How to complete this task: Transcribe all the data below exactly, leaving its pictures out.

Data:
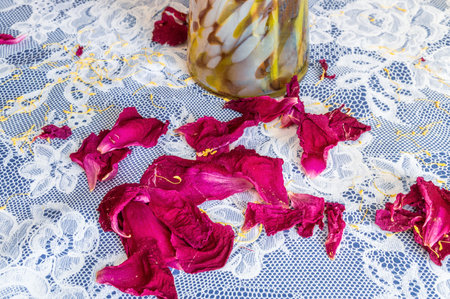 scattered petals on the tableの写真素材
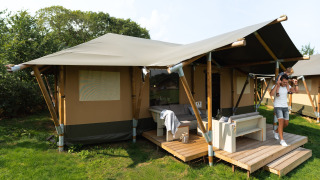 Familie vor einem luxuriösen Safarizelt namens Safaritent Medley mit Terrasse und Möbeln in der Natur.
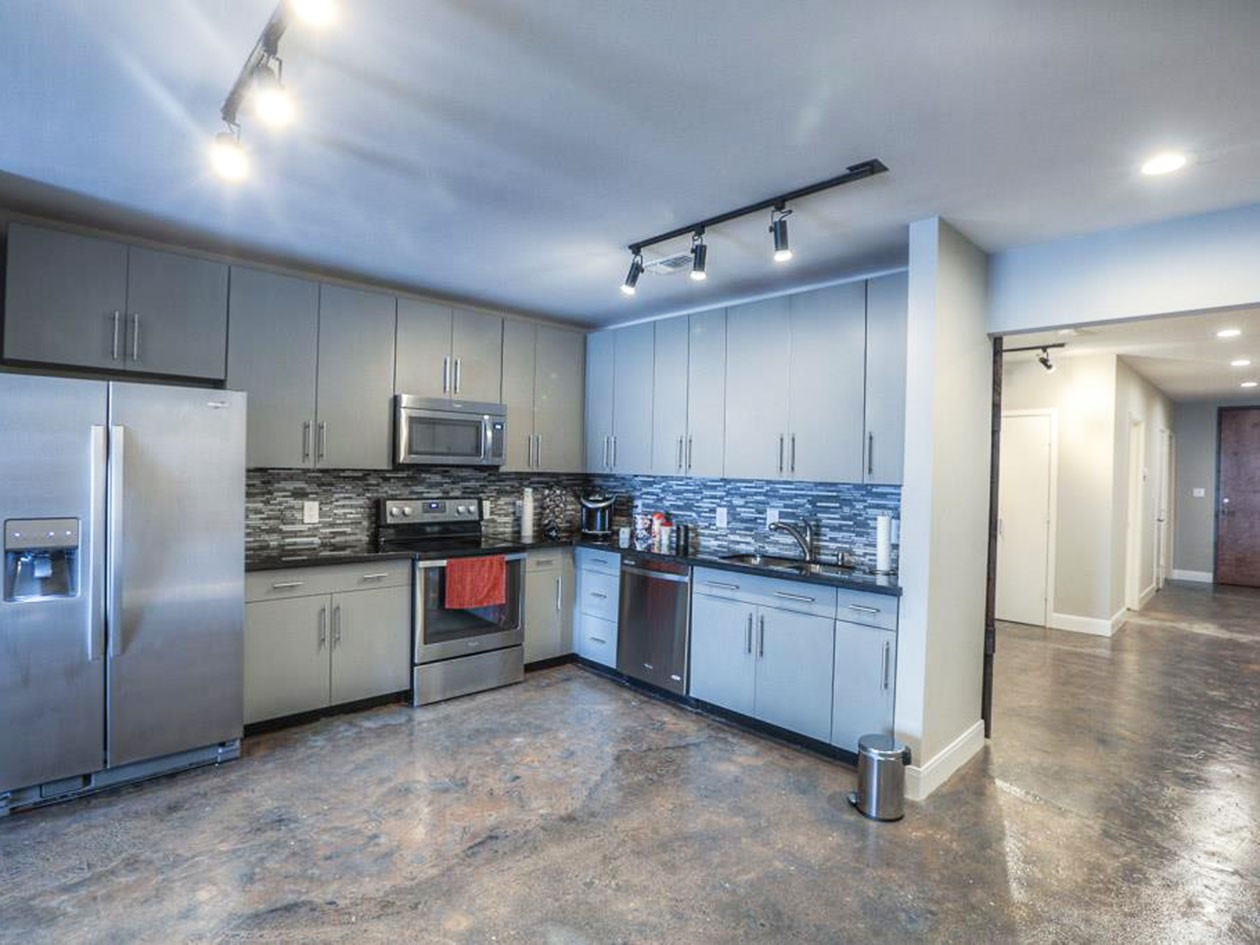 1601 West Webster Street, Unit 11 Houston, TX 77019 - Photo 13 of 26 a kitchen with stainless steel appliances granite countertop a refrigerator stove and sink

Problem solution:
 scattered petals on the tableの写真素材
 Familie vor einem luxuriösen Safarizelt namens Safaritent Medley mit Terrasse und Möbeln in der Natur.
 1601 West Webster Street, Unit 11 Houston, TX 77019 - Photo 13 of 26 a kitchen with stainless steel appliances granite countertop a refrigerator stove and sink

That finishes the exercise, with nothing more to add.